Now fill in the geometry. Not too much to explain there.

scene.spheresCount = 2;
scene.spheres[0].pos = (float3)(0,0,0);
scene.spheres[0].m = &ballMaterial1;
scene.spheres[1].pos = (float3)(0,0,-0);
scene.spheres[1].m = &ballMaterial2;

scene.planesCount = 5;
scene.planes[0].point = (float3)(0,-5,0);
scene.planes[0].normal = (float3)(0,1,0);
scene.planes[0].m	  = &floorMaterial;
scene.planes[1].point = (float3)(0,40,0);
scene.planes[1].normal = normalize((float3)(0,-1,0));
scene.planes[2].point = (float3)(-40,-5,0);
scene.planes[2].normal = (float3)(1,1,0);
scene.planes[3].point = (float3)(40,-5,0);
scene.planes[3].normal = normalize((float3)(-1,1,0));

scene.planes[4].point = (float3)(0,0,0);
scene.planes[4].normal = normalize((float3)(0,0,-1));
scene.planes[4].m = &refractMaterial;

scene.lightsCount = 2;
scene.lights[0].pos = (float3)(0,30,-20);
scene.lights[0].directional = false;
scene.lights[0].color = (float4)(1,1,1,1);
scene.lights[1].pos = (float3)(0,30,20);
scene.lights[1].dir = normalize((float3)(0,1,1));
scene.lights[1].directional = false;
scene.lights[1].color = (float4)(1,1,1,1);

Now, since in our demo we have 2 spheres moving we want to transform their positions by the worldTransforms
scene.spheres[0].pos = matrixVectorMultiply(worldTransforms, &scene.spheres[0].pos);
scene.spheres[1].pos = matrixVectorMultiply(worldTransforms+16, &scene.spheres[1].pos);

If you build your scene on the c++ side out of triangles for example, you could specify all your coordinates in world coordinates, which would make this step unnecessary.

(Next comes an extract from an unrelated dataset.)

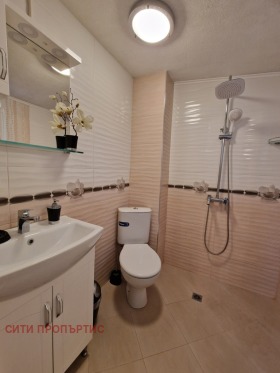    3- | Imot.bg    9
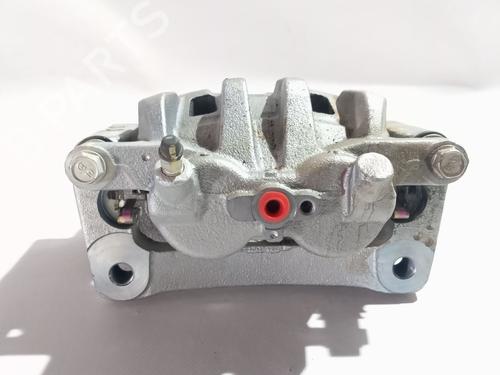 Right front brake caliper MAZDA CX-60 (KH_) 3.3 e-SKYACTIV-D MHEV AWD (KH3R, KH0H) | BP36990600M104 - Image 3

Finally do the raytracing (+antialiasing) and store the result pixel color in the buffer

float dx = 1.0f / (float)(width);
float dy = 1.0f / (float)(height);
float aspect = (float)(width) / (float)(height);

dst[get_global_id(0)] = (float4)(0,0,0,0);
for(int i = 0; i < kAntiAliasingSamples; i++){
for(int j = 0; j < kAntiAliasingSamples; j++){
float x = (float)(get_global_id(0) % width) / (float)(width) + dx*i/kAntiAliasingSamples;
float y = (float)(get_global_id(0) / width) / (float)(height) + dy*j/kAntiAliasingSamples;

x = (x -0.5f)*aspect;
y = y -0.5f;

struct Ray r;
r.origin = matrixVectorMultiply(viewTransform, &(float3)(0, 0, -1));
r.dir	= normalize(matrixVectorMultiply(viewTransform, &(float3)(x, y, 0)) - r.origin);
float4 color = raytrace(&r, &scene, 0);
dst[get_global_id(0)] += color / (kAntiAliasingSamples*kAntiAliasingSamples) ;
}
}

Now we need the following perihperal functions : matrixVectorMultiply and raytrace.
float3 matrixVectorMultiply(__global float* matrix, float3* vector){
float3 result;
result.x = matrix[0]*((*vector).x)+matrix[4]*((*vector).y)+matrix[8]*((*vector).z)+matrix[12];
result.y = matrix[1]*((*vector).x)+matrix[5]*((*vector).y)+matrix[9]*((*vector).z)+matrix[13];
result.z = matrix[2]*((*vector).x)+matrix[6]*((*vector).y)+matrix[10]*((*vector).z)+matrix[14];
return result;
}
}

Raytrace is the function where the actual raytracing happes, so we might want to look at it in more detail :

float4 raytrace(struct Ray* ray, struct Scene* scene,int traceDepth)

We accept a ray, the scene and the depth at which we currently are in recursive tracing.

The following code :
void* intersectObj = 0;
int intersectObjType = 0;
float t = intersect( ray, scene, &intersectObj, &intersectObjType);

finds the first intersection of the ray in the scene and returns a pointer to the object, as well the type of this object.
There is no polymorphism in OpenCL, so we need this to differentiate between the objects.

Now compute the normal based on the object type and get its material.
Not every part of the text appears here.